En Terre Adélie, la pente, c’est celle du bord du continent
antarctique, où l’altitude passe de 3000 à 0m en quelques centaines de
kilomètres, avec un profil convexe : la pente augmente à mesure qu’on se
rapproche du littoral.
Pourquoi le vent descend la pente ?
Pour simplifier, on peut considérer l’Antarctique comme un
immense plateau, très élevé, où la production de froid est continue, et plus
forte en hiver qu’en été. Couvert par une immense calotte glaciaire que le
soleil n’éclaire qu’occasionnellement et de manière rasante, la surface du
continent antarctique est en déficit radiatif, et a donc tendance à se
refroidir.
Ce refroidissement entraîne la formation d’un anticyclone en
surface, à partir duquel l’air va diverger. En altitude, un puissant tourbillon
cyclonique se met en place l’hiver, c’est le fameux vortex polaire
stratosphérique, qui joue un rôle essentiel dans la dépletion d’ozone au
printemps austral, mais c’est un autre sujet...
Produit au sommet du plateau, cet air froid s’écoule par
gravité, vers le littoral. Comme la pente augmente à l’approche du littoral,
l’écoulement catabatique s’accélère.
Au départ, c’est un écoulement lent, influencé par la force
de Coriolis, qui fait dévier les objets en mouvement – vers la gauche dans
l’Hémisphère Sud. En approchant du littoral, c’est plutôt le relief, et la
disposition des langues glaciaires, comme celle de l’Astrolabe, qui contraint
l’écoulement.
A Dumont d’Urville, le catabatique provient d’un large
quadrant Sud-Est, entre 120 et 180°, et la prédominance de ce régime de vent se
visualise très bien sur une rose des vents.
Pourquoi est-il si fort en Terre Adélie ?
La Terre Adélie, secteur de l’Antarctique entre 136 et 142°
de longitude Est, ainsi que la Terre du Roi George V, entre 142 et 154°E, sont
réputées pour leur climat très venteux.
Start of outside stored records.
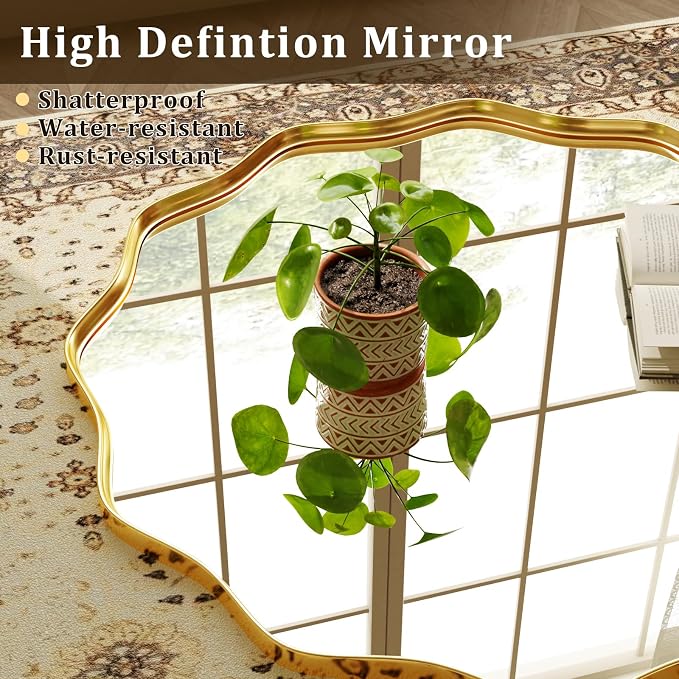 20" Decorative Scalloped Round Wall Mirror, Wavy Metal Deep Frame, Gold | Circle Mirror Wall Mounted for Bathroom, Bedroom, Entryway, Living Room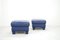 DS17 Blue Leather Ottomans from de Sede, 1990s, Set of 2 2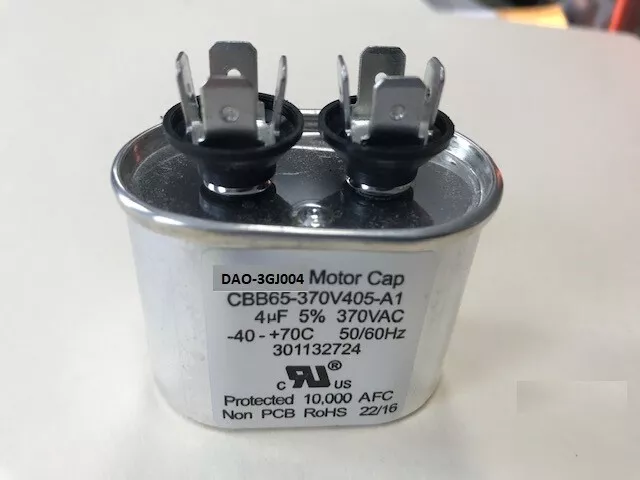 DAO-3GJ004 4 MFD / uF  370 VAC Oval Run Capacitor CBB65-370V405A1  SHIPS TODAY!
Il y a un siècle, l’explorateur
australien Douglas Mawson, après un hivernage très rude dans le secteur, la
baptisa « Home of the Blizzard ». C’est une réalité, puisque d’après
les réanalyses climatiques, c’est à proximité de Cape Denison, par 146°Est de
longitude, que se situe l’endroit le plus venté du continent, et probablement
de tout le globe, au moins au niveau de la mer : 16,4 mètres par seconde
en moyenne (59 km/h), d’après les estimations des réanalyses climatiques !
C’est presque le double qu’à Dumont d’Urville, qui,
contrairement à l’ancienne base de Port Martin, ne se situe pas dans l’axe
d’écoulement des plus forts vents catabatiques.
L’est de la terre Adélie, et en allant plus à l’Est, vers les
glaciers Mertz et Ninnis, constitue le débouché de l’écoulement catabatique
produit sur le Dome C, à un peu plus de 1000 km à l’intérieur des Terres, où il
est très nettement accéléré au niveau du littoral par la disposition du trait
de côte, et de la présence des langues glaciaires de Mertz et Ninnis, beaucoup
plus contraignantes pour l’écoulement que l’Astrolabe.
Sur les trente dernières années, la vitesse moyenne du vent
est de 9,2 m/s (33 km/h) à DDU, avec des variations saisonnières.
On remarque deux pics sur la vitesse moyenne du vent :
le premier en mars, le deuxième en septembre. C’est par contre en septembre que
se produit le plus fréquemment les plus violentes tempêtes (rafales supérieures
à 140 km/h), avec près de 5 jours en moyenne contre 2,5 en mars.
On peut résumer le régime de vent annuel de la manière
suivante : le vent catabatique est plus fréquent en hiver (de mai à
septembre), lorsque l’intérieur du continent est le plus froid. Mais c’est aux
équinoxes, en particulier celui d’automne en mars, que les tempêtes australes
sont les plus fréquentes, car à ce moment, le gradient nord-sud de températures
dans l’atmosphère est le plus fort, c’est ce gradient qui explique la formation
rapide des dépressions très creuses.
Ainsi, le forçage des vents catabatiques résulte de
mécanismes de grande échelle, influencés par la circulation générale et
circumpolaire notamment, lors des changements de saisons.
Les tempêtes catabatiques les plus violentes et durables se
produisent lorsqu’une dépression de l’océan austral se creuse près du
continent, et stationne plusieurs jours au nord-est de DDU.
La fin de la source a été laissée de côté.